UNASSIGNED: Intraobserver variability: The mean DSC and MHD for 3 CT LVs altogether was 0.92 ± 0.01 and 1.49 ± 0.23 mm. The mean DSC and MHD for 3 CTVs altogether was 0,82 ± 0,06 and 0,71 ± 0,22 mm. Interobserver variability: Segmented CT LVs showed great similarity (mean DSC of 0,91 ± 0,01, MHD of 1,86 ± 0,47 mm). The mean DSC comparing CTVs from both observers was 0,81 ± 0,11 and MHD was 0,87 ± 0,45 mm.
UNASSIGNED: The high interobserver similarity of segmented LVs and delineated CTVs confirmed the robustness of the proposed method. Even an inexperienced user can perform a precise EAM-CT merge following workflow instructions.
摘要:
■当前的立体定向心律失常(STAR)工作流程的一部分是从电解剖标测(EAM)到计算机断层扫描(CT)的结果转移。这里,我们使用旨在产生更高鲁棒性的自动配准算法,分析了改进的EAM-CT配准中的观察者间和观察者内变化.
■这项工作基于10位先前接受STAR的患者的数据。

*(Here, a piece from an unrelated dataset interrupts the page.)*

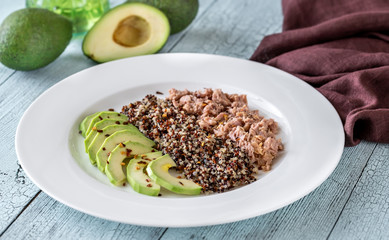Quinoa with avocado and tuna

两名观察员参加了这项研究:(1)在EAM-CT合并方面具有实质性经验的电生理学家(心脏病学),(2)EAM-CT合并经验最少的临床工程师(放疗)。EAM-CT合并包括3个主要步骤:从CT分割左心室(CTLV),CTLV和EAM的配准,从EAM特定点划分临床目标体积(CTV)。平均豪斯多夫距离(MHD),使用骰子相似系数(DSC)和重心绝对差(CoG)来评估观察者内/观察者间的变异性。
■观察者内变异性:3个CTLV的平均DSC和MHD为0.92±0.01和1.49±0.23mm。3个CTV的平均DSC和MHD为0.82±0.06和0.71±0.22mm。观察者间变异性:分段CTLV显示出极大的相似性(平均DSC为0.91±0.01,MHD为1,86±0.47mm)。比较来自两个观察者的CTV的平均DSC为0.81±0.11,MHD为0.87±0.45mm。
■分段的LV和划定的CTV的高观察者间相似性证实了所提出方法的鲁棒性。即使没有经验的用户也可以按照工作流程指令执行精确的EAM-CT合并。
■这项工作基于10位先前接受STAR的患者的数据。两名观察员参加了这项研究:(1)在EAM-CT合并方面具有实质性经验的电生理学家(心脏病学),(2)EAM-CT合并经验最少的临床工程师(放疗)。EAM-CT合并包括3个主要步骤:从CT分割左心室(CTLV),CTLV和EAM的配准,从EAM特定点划分临床目标体积(CTV)。平均豪斯多夫距离(MHD),使用骰子相似系数(DSC)和重心绝对差(CoG)来评估观察者内/观察者间的变异性。
■观察者内变异性:3个CTLV的平均DSC和MHD为0.92±0.01和1.49±0.23mm。3个CTV的平均DSC和MHD为0.82±0.06和0.71±0.22mm。观察者间变异性:分段CTLV显示出极大的相似性(平均DSC为0.91±0.01,MHD为1,86±0.47mm)。比较来自两个观察者的CTV的平均DSC为0.81±0.11,MHD为0.87±0.45mm。
■分段的LV和划定的CTV的高观察者间相似性证实了所提出方法的鲁棒性。即使没有经验的用户也可以按照工作流程指令执行精确的EAM-CT合并。